Contudo, ao construirmos um gráfico desses pontos, descobrimos que eles não se alinhavam
perfeitamente, formando uma reta, mas apresentavam certa aleatoriedade em sua distribuição. Na
verdade, já deveríamos esperar por isso, pois esses pontos são pontos experimentais e suas medidas
estão sujeitas a erros aleatórios. Devido à distribuição dos pontos, várias retas com diferentes
coeficientes a e b, poderiam ser boas candidatas para descrever o comportamento de nossos pontos
experimentais. Precisávamos, portanto, descobrir qual era a reta que melhor se ajustava aos pontos
experimentais.
Essa é uma situação comum no laboratório: temos um conjunto de pontos experimentais ( x, y )
e gostaríamos de obter a melhor função f ( x) para descrever esses pontos. Esse procedimento é
chamado de regressão ou ajuste de curva. Naturalmente, a primeira pergunta que deve passar por sua
cabeça é: que critério deve ser usado para definir objetivamente o que é a melhor função? Geralmente,
usamos como critério o princípio de máxima verossimilhança. Admitimos que, ao realizarmos um
conjunto de medidas, ocorre o resultado que tem maior probabilidade de ocorrer. Note que isso não
acontece necessariamente. No entanto, essa ainda parece ser a melhor hipótese a ser feita. Segundo
esse princípio, a melhor função f ( x) é aquela para a qual a probabilidade de ocorrência de um dado
conjunto de pontos experimentais é máxima, quando tal função é considerada como a verdadeira.

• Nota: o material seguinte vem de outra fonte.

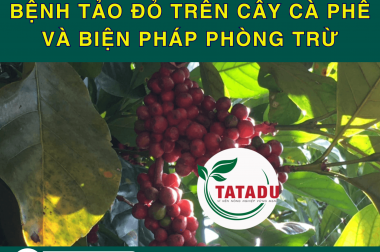 BỆNH TẢO ĐỎ TRÊN CÂY CÀ PHÊ VÀ BIỆN PHÁP PHÒNG TRỪ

É importante notar que esse critério estatístico não permite ajustar uma função arbitrária a um
conjunto de pontos experimentais. Por isso o que se considera é o ajuste de uma função particular,
dentro de uma família de funções com forma pré-determinada, aos pontos experimentais. Por exemplo,
procura-se determinar entre todas as retas y = ax + b , quais os valores particulares dos coeficientes a e
b que melhor se ajustam aos pontos experimentais.

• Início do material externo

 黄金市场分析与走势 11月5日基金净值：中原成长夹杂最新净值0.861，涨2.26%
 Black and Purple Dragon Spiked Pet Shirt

Método dos mínimos quadrados
O método dos mínimos quadrados é um método baseado no princípio de máxima
verossimilhança e que pode ser aplicado quando as distribuições de erros experimentais são
gaussianas. O que, na prática, acontece frequentemente. Além disso, a melhor função f ( x) , deve ser
determinada a partir de uma função tentativa f ( x) = f ( x; a1 , a2 ,L , a p ) , previamente escolhida. Isso
significa que as variáveis a serem ajustadas são os parâmetros a1 , a2 ,L , a p .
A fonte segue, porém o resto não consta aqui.